Dataset entries:
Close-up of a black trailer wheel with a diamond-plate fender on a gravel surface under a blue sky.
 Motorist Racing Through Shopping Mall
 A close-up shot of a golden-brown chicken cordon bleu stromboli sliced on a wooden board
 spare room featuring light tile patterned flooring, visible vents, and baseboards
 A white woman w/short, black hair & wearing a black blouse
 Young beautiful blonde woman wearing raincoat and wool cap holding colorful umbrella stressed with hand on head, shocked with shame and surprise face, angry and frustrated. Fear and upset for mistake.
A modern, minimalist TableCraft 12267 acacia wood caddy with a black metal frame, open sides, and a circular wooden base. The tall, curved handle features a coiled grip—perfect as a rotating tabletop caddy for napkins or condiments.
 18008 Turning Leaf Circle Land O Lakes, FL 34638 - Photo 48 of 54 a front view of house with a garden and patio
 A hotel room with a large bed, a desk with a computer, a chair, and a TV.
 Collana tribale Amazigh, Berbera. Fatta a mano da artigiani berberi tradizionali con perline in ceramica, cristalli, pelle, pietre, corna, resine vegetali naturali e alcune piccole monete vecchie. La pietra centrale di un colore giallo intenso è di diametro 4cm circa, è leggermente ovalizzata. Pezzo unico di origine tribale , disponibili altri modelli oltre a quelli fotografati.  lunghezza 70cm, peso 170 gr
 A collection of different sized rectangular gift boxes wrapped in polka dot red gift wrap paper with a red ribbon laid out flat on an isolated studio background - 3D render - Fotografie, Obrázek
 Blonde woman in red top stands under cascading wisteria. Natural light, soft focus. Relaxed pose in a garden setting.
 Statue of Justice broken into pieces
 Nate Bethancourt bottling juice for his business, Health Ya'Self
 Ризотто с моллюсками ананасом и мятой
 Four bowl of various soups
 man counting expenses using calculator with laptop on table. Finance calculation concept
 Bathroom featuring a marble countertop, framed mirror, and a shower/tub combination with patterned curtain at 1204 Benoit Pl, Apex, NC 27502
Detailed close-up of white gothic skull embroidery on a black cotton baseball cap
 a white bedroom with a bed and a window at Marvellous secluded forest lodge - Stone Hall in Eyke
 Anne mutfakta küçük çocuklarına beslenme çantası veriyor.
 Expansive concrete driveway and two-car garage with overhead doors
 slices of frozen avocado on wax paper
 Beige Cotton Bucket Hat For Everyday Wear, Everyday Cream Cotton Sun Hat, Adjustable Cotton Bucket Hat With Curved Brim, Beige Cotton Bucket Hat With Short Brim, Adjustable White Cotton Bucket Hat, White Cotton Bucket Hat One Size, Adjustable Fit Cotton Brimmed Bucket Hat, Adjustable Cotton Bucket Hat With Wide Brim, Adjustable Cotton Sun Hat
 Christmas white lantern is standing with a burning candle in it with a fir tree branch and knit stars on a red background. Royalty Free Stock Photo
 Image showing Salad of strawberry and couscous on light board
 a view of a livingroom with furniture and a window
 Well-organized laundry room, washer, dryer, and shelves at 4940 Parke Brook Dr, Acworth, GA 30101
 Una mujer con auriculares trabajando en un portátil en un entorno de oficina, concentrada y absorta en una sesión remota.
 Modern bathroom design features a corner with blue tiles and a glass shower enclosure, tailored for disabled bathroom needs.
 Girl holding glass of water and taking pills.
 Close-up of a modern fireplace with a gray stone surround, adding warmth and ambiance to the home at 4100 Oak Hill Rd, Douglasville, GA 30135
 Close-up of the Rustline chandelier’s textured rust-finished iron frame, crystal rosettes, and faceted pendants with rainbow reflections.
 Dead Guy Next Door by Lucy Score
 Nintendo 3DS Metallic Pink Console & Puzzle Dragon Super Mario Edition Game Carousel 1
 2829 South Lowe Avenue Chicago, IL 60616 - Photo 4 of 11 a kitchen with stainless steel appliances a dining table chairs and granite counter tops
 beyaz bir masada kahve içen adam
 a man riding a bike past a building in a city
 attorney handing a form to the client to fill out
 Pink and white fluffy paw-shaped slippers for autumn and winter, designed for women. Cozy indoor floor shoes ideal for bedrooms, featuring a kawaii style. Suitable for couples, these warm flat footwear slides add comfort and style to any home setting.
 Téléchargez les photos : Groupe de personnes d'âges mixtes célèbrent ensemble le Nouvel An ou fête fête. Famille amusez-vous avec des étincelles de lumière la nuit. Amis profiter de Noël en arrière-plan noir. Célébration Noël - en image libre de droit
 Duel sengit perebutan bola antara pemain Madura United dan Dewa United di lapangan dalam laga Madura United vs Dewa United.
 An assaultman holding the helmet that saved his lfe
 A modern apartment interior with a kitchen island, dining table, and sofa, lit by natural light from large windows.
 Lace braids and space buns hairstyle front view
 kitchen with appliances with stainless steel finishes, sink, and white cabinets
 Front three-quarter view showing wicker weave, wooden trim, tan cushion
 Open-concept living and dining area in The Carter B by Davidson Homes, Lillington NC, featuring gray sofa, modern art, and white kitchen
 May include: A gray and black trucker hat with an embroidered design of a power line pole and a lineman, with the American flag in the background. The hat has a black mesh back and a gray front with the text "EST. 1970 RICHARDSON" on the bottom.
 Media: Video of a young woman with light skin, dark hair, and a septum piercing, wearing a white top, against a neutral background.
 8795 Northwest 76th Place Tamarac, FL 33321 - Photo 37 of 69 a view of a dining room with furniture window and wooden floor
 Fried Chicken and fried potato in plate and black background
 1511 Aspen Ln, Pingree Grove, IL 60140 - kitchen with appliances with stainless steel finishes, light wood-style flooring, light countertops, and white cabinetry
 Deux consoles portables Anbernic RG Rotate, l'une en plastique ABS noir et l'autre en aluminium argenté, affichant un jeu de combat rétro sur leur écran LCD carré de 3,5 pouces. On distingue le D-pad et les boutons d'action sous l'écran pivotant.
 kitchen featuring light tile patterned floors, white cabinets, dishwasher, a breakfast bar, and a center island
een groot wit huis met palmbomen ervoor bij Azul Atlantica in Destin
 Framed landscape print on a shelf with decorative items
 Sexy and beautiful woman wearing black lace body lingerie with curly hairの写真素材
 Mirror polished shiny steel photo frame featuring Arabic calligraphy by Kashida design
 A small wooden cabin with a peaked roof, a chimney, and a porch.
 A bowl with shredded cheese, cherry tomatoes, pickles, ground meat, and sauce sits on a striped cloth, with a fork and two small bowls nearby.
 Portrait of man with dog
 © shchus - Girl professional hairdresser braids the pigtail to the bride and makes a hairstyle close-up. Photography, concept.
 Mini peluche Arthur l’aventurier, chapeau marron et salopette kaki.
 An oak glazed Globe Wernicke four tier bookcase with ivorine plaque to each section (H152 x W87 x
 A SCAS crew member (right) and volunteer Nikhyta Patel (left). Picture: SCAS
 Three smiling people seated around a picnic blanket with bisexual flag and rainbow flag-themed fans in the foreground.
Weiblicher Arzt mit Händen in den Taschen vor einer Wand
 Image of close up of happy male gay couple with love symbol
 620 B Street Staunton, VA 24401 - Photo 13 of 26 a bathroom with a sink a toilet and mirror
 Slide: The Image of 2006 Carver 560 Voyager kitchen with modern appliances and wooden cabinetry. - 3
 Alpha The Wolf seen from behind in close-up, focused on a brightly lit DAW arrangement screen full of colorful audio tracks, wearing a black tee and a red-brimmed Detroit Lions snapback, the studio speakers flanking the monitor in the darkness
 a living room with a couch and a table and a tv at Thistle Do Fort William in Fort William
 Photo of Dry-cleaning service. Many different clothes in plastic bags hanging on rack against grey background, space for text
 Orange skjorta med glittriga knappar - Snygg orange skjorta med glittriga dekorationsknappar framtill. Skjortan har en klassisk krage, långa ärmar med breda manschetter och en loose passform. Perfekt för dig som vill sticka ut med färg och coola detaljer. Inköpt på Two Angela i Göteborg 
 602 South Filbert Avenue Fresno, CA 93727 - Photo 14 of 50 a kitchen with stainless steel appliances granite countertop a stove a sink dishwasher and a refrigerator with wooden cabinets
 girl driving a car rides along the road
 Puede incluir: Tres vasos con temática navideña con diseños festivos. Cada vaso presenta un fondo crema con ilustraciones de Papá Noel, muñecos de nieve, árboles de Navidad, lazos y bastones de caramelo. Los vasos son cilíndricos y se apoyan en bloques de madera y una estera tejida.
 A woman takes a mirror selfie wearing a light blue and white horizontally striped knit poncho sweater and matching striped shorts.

» PROBLEM DETAILS
Which lines hold the string "setting"? Copy all of them from the data above.

» SOLUTION
 Blonde woman in red top stands under cascading wisteria. Natural light, soft focus. Relaxed pose in a garden setting.
 Pink and white fluffy paw-shaped slippers for autumn and winter, designed for women. Cozy indoor floor shoes ideal for bedrooms, featuring a kawaii style. Suitable for couples, these warm flat footwear slides add comfort and style to any home setting.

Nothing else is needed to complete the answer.